Re-striped roundabouts worry officials |

Re-striped roundabouts worry officials

Ryan Hoffman
Cars make the turn on the south end of the southern roundabout in Rifle. Following recent re-striping by the Colorado Department of Transportation, traffic in the outer lane now must turn onto Taugenbaugh Boulevard or merge into the inner lane to continue through the roundabout.
Ryan Hoffman / Citizen Telegram |

Rifle city officials are concerned that a lack of awareness over recent changes to the Rifle roundabouts south of Interstate 70 could confuse motorists.

Colorado Department of Transportation made the changes over the past several weeks to make the roundabouts in compliance with state standards, said Tracy Trulove, CDOT Region 3 Communications Manager.

The changes include newly painted directional arrows and re-striped lines clearly separating the lanes. However, some of those changes could confuse motorists acquainted with navigating the roundabouts, said Rifle Police Chief John Dyer.

Specifically, Dyer said he is worried about lane changes in the south end of the roundabout leading to Taughenbaugh Boulevard and Airport Road. The new lines completed on Tuesday force drivers in the outer lane to either exit the roundabout at Taughenbaugh Boulevard or merge into the inner lane to continue through the roundabout. The change could be confusing for drivers accustomed to continuing in the outer lane to access one of the many businesses, including Wal-Mart and Grand River Hospital, on Airport Road. A brief observation by The Citizen Telegram Tuesday saw several motorists attempt to continue through the roundabout in the outer lane.

“It comes up abruptly,” Dyer said. “You have to make a quick decision in the middle of the roundabout.”

Additionally, the arrows in the inner lanes when entering both roundabouts now point to the left. The new arrows are intended to signify that the inner lane is a continuous path through the roundabout, Trulove said. Motorists coming off the highway for gas or other reasons could interpret the arrow as a direction to turn left, which would be into oncoming traffic, Dyer said.

So far, Dyer is unaware of any formal complaints to the police department or traffic accidents caused by the changes. But it has been a regular topic in conversations with residents, he said.

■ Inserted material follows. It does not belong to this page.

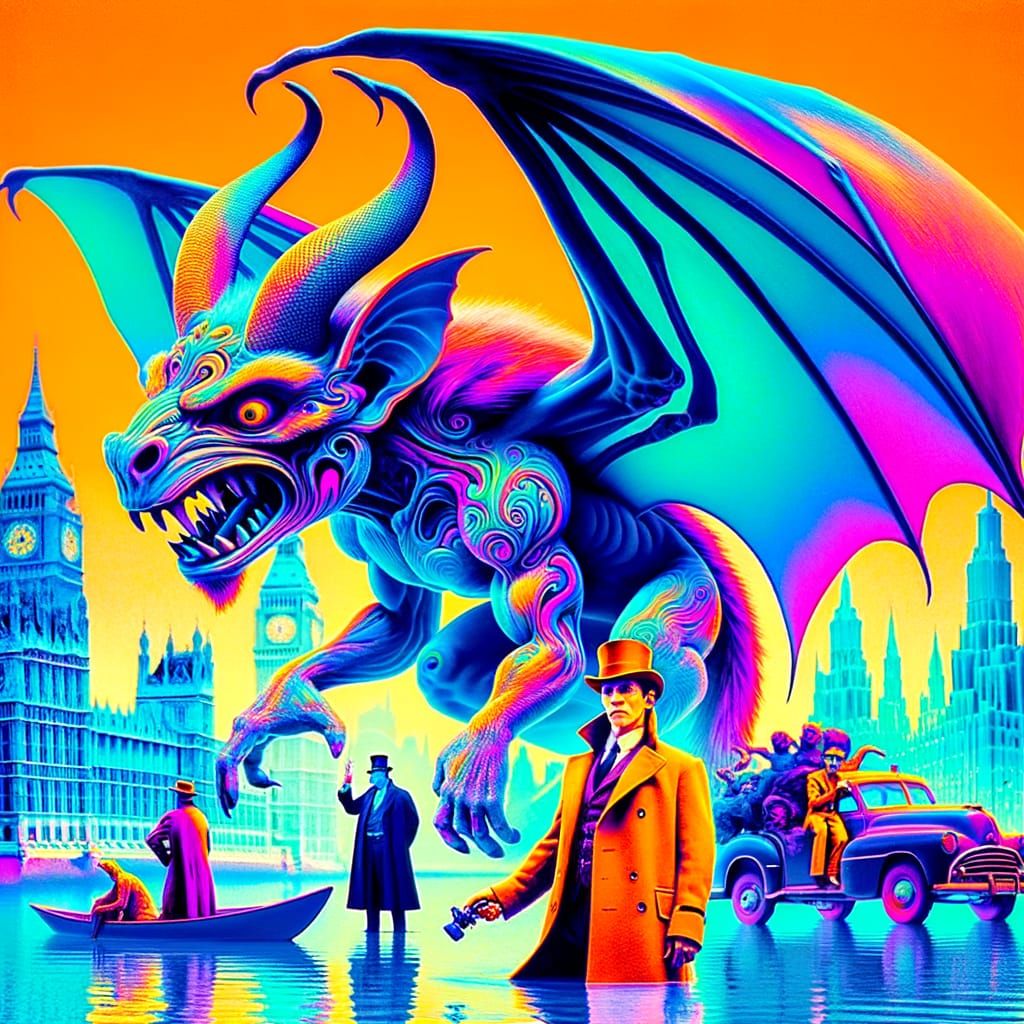 Surreal Underwater City Scene with Chimeric Creature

At city hall, the changes to the roundabouts have been a topic of conversation since they were first noticed last week, said Kimberly Bullen, acting city manager.

Rick Barth, city engineer, said he contacted CDOT to see which entity had jurisdiction over the roundabouts. With the city lacking legal authority, it appears the best option is going to be to work with CDOT on better educating motorists.

The reaction is somewhat surprising, Trulove said. CDOT is making similar changes in roundabouts elsewhere, and has not received the same response, she said.

The decision to change some of the lanes is intended to improve safety in the roundabouts by limiting conflict points. While the change is designed to make the roundabouts safe, CDOT realizes change is not always comfortable for motorists, Trulove said.